While we spend weeks, months, years (!) strategizing and risk mitigating to secure the future of our employers, we rarely take the time to consider what our own professional strategy looks like. Few leaders would bet their business’ prosperity on chance, so why doesn’t the same rule apply to our own success?Here are some reasons why proactive career management matters and why you need to get on top of it to charge your professional flow.
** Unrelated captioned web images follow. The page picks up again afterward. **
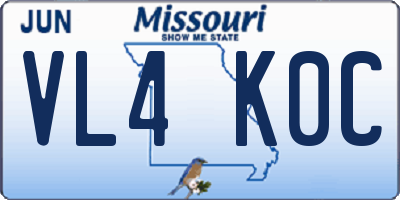 MO license plate VL4K0C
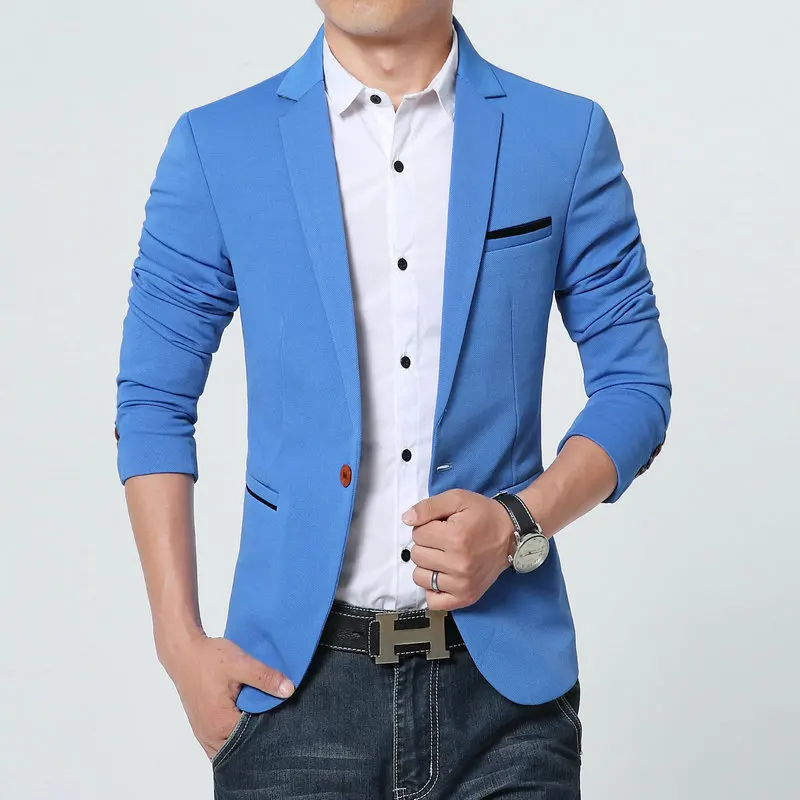 5XL Мужской Блейзер пиджак деловой мужской пиджак в повседневном стиле хлопок тонкий Английский костюм Blaser Masculino мужской пиджак блейзер для мужчин - Цвет: Sky  Blue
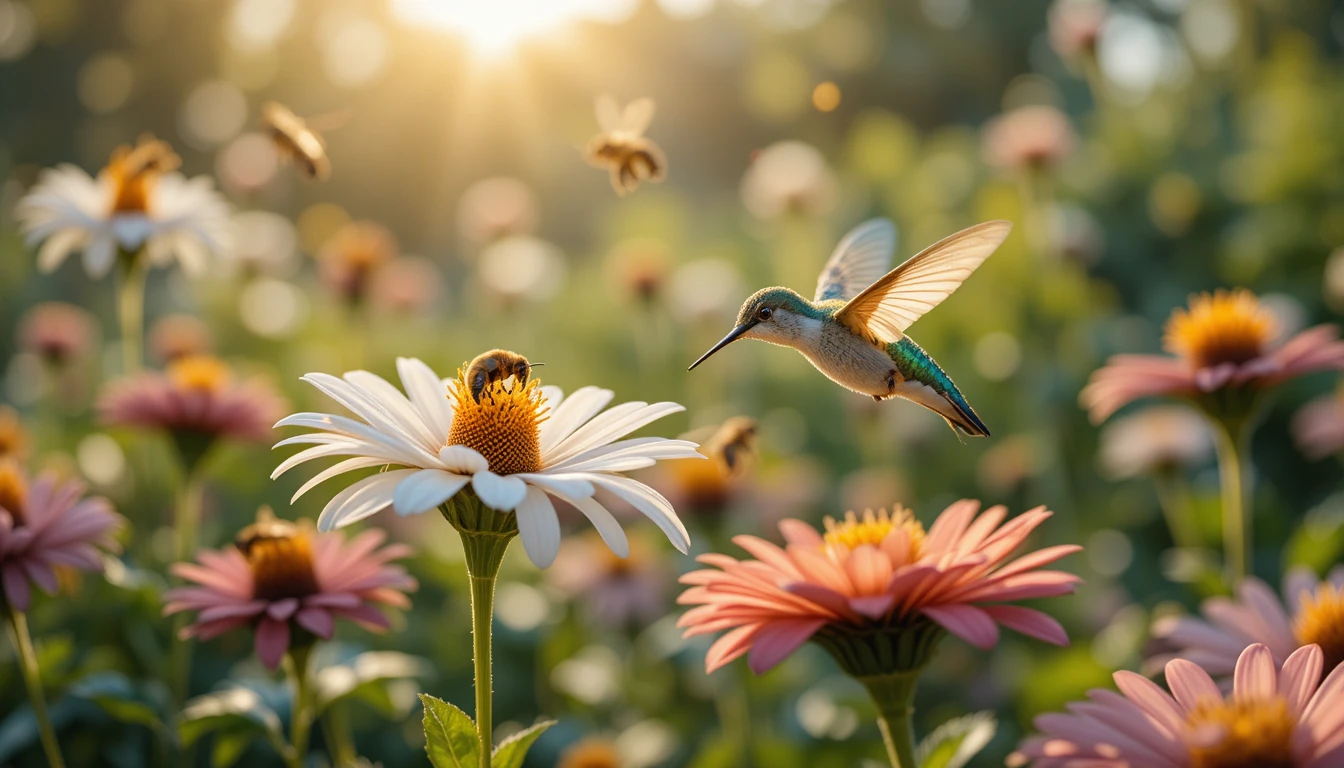 Close up bees gathering nectar among colorful garden flowers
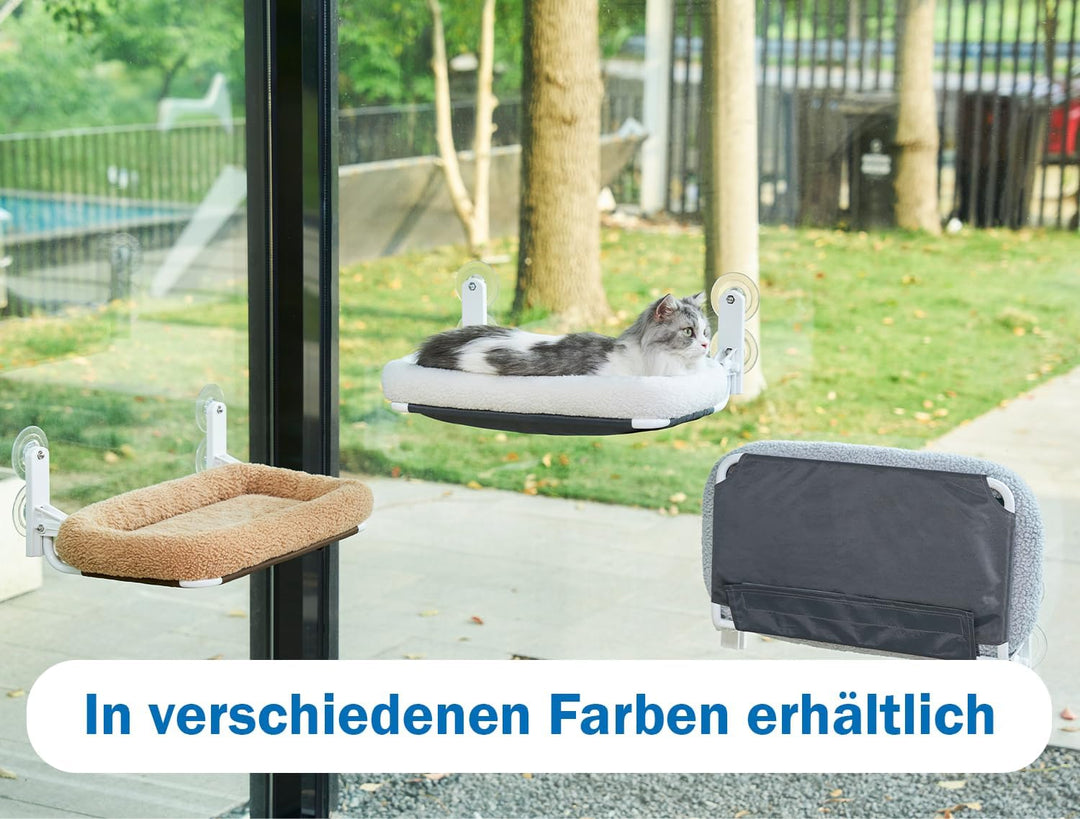 Zakkart Faltbare Katzenhängematte für Fenster - Kabellos, Eingebettetes Maschinenwaschbares Bett, Ro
Create stability in times of uncertainty — Despite what we might tell ourselves, we are never in total control. A recession hits, a pandemic strikes, your boss is replaced by someone who isn’t sponsoring your development, a new owner decides that the department you’re heading should dissolve. These are just examples of incidents that may result in an unexpected search for a new job within a short timeframe. By planning more effectively and being on top of your career strategy, for example having a network to quickly activate and an updated profile and CV on a job matching platform you are much more likely to find yourself in the driver’s seat.
Get to know your market value — Taking ownership of your career isn’t the same as actively looking for a new job. Too often high impact professionals respond to a meeting request from a headhunter or a potential new employer with “No thanks, I’m happy where I am, not out looking right now”. Lack of time and loyalty to the current employer are common reasons, the latter unfortunately more frequent amongst women. Look at a first meeting or an interview as an opportunity for networking and learning. By being present on the market you can obtain insights of e.g. which competitors are growing their teams, valuable compensation benchmarks, company cultures and roles you weren’t aware existed.
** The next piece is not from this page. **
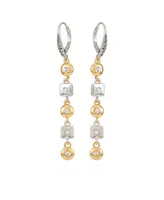 T Tahari Two-Tone Clear Glass Stone Large Drop Earrings - Two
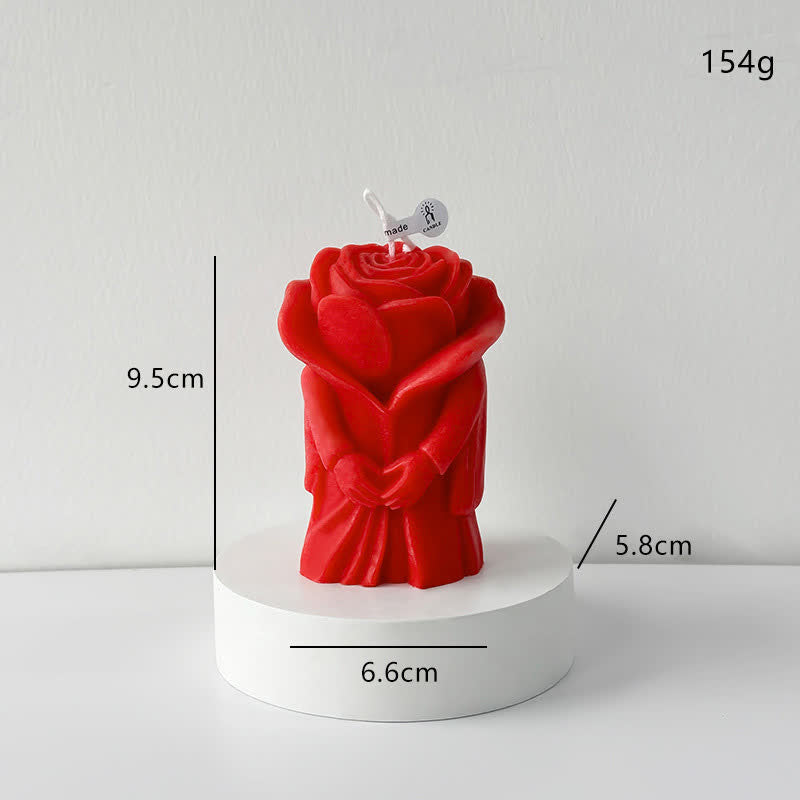 Ownkoti Romantic Rose-Shaped Scented Candle - Red - 4PCS - 2.28"W x 2.6"L x 3.74"H - image 2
The crucial relationship capital — Relationships are commonly known to be the foundation of most future growth and success. Building them is a long-term process that should be handled with thought as well as persistence. Invest time in creating strategic alliances with people who can open doors and be future resources; trusted advisors, subject matter experts, and sponsors. Needless to say, putting yourself in these roles for others and nurturing your network is essential for long-lasting relationships and also increases the chance of your name being top of mind.
A map reduces the risk of getting lost — Determining a professional vision and mission isn’t an easy task, but creating a career road map will help you with decision-making further on. If you have identified your values, and know how to leverage your skills in order to achieve your goals, it’s easier to steer your career choices in the right direction. If the goal is to enter the C-suite or take on a board seat you might need financial or strategic training that your current role doesn’t expose you to. The better you know your road map, the more likely you are to stay on track and spot shortcuts to your goal.
Finally, your career is your responsibility — Truth be told, no boss, headhunter, mentor or company will have as much interest in your career as you do. Being strategic about your professional development is as important as any business plan, with the distinction that your career isn’t a commodity that anyone can take over and manage, you are the only and original owner. Be where the action is and don’t rely on chance, your future is just a little too important for that.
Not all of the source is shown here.